Many of the young students who run the St Gallen Symposium in Switzerland, where Mr Noonan spoke, still have their sights set on the peaks of high finance. Senior bankers are ready to welcome them. “I think it will still be cool for young people to join banks and financial institutions,” Urs Rohner, chairman of Credit Suisse, declared during the same conference. “I think there’s a lot of potential there.”And the attraction is not confined to St Gallen:
Careers advisers at another business school specialising in finance told me recently they were in despair at the number of graduates who refused to consider joining industrial companies and retained rosy expectations of what high finance offered.

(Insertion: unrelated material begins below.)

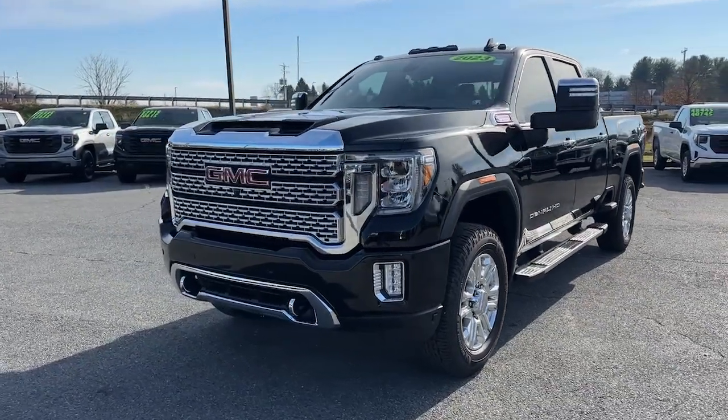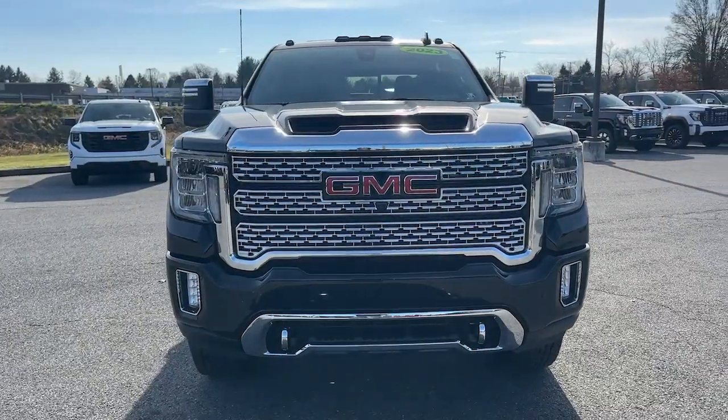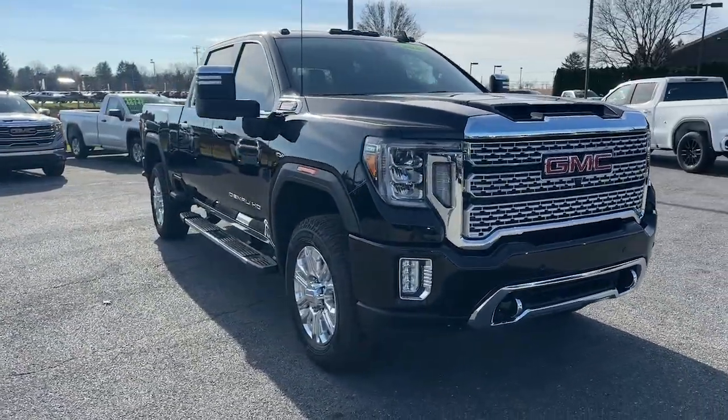Treat yourself to a test drive today. Our staff will toss you the keys and give you an outstanding customer experience. These are just some of the great options this vehicle comes with.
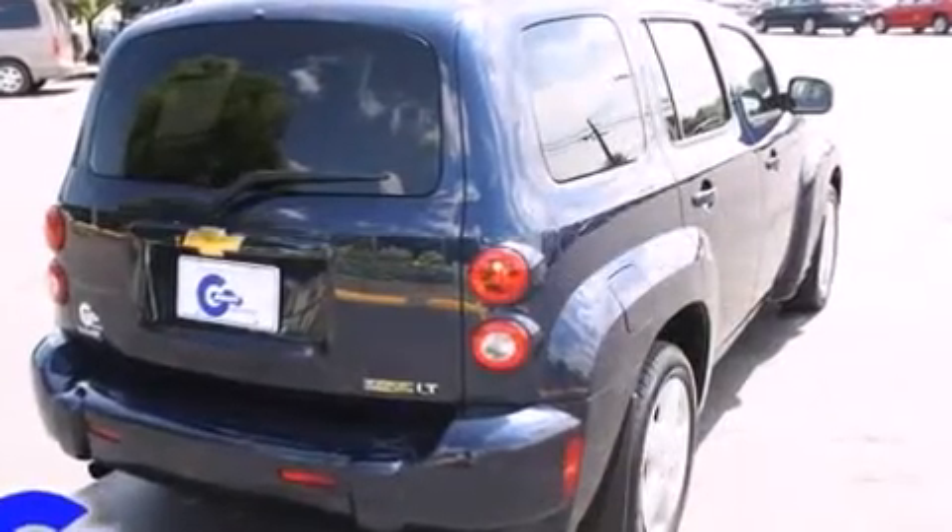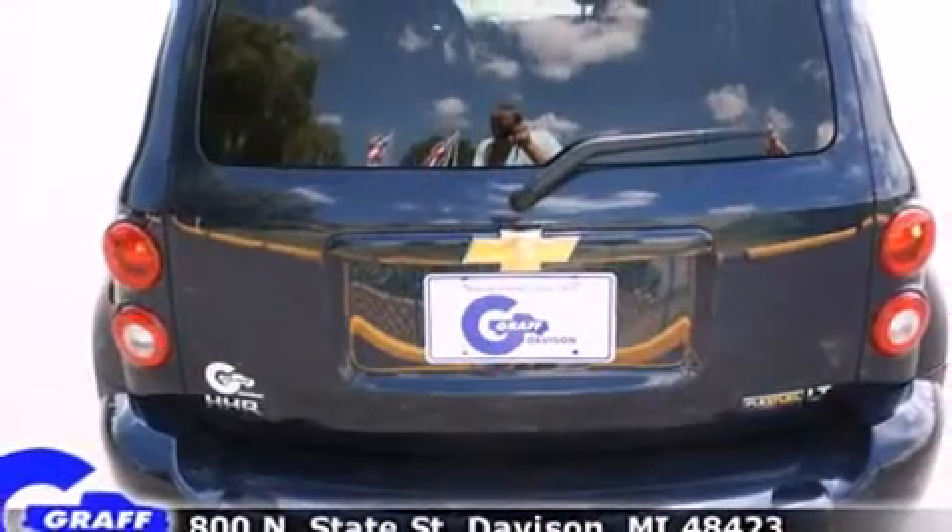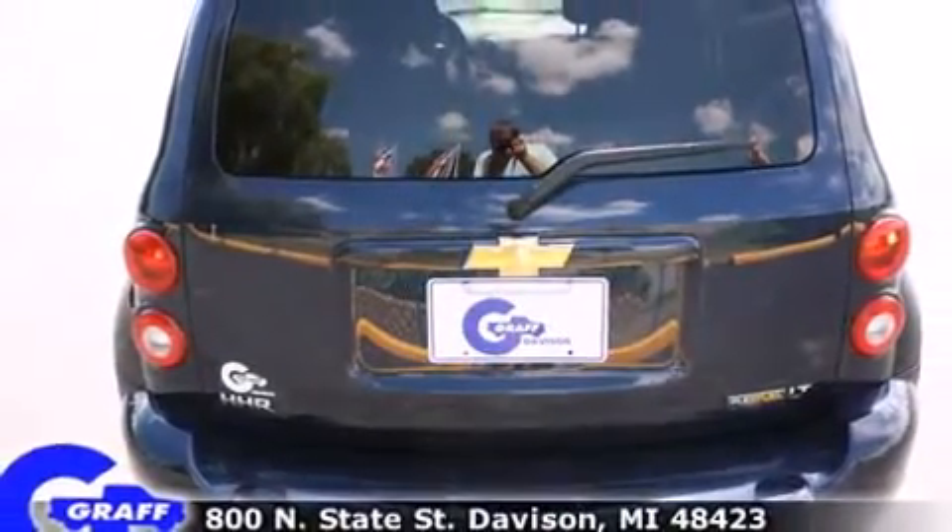Chevrolet infused the interior with top shelf amenities such as front and rear reading lights, a rear window wiper, one-touch window functionality, a trip computer, and much more.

Hill would want the new recruits to do their bit to change the culture in banking:
But today’s highly intelligent graduates will only realise their potential and render themselves socially useful if they aim higher than mere monetary reward. Having learnt the banker’s trade, they must refuse to mimic their Praetorian predecessors.Sorry to sound cynical but his exhortation is unlikely to make much of a difference. Culture in a company is seldom created by new recruits. It is overwhelmingly the creation of people at the top. The best that new recruits can do is imbibe the culture as speedily as they can; if they attempt to change it, chances are they will be shown the door. As for the people at the top, their behaviour will not change because of moral exhortation or media criticism. It will change when regulators wield the big stick. Regulation and legislation alone can change the culture in banking in any meaningful way.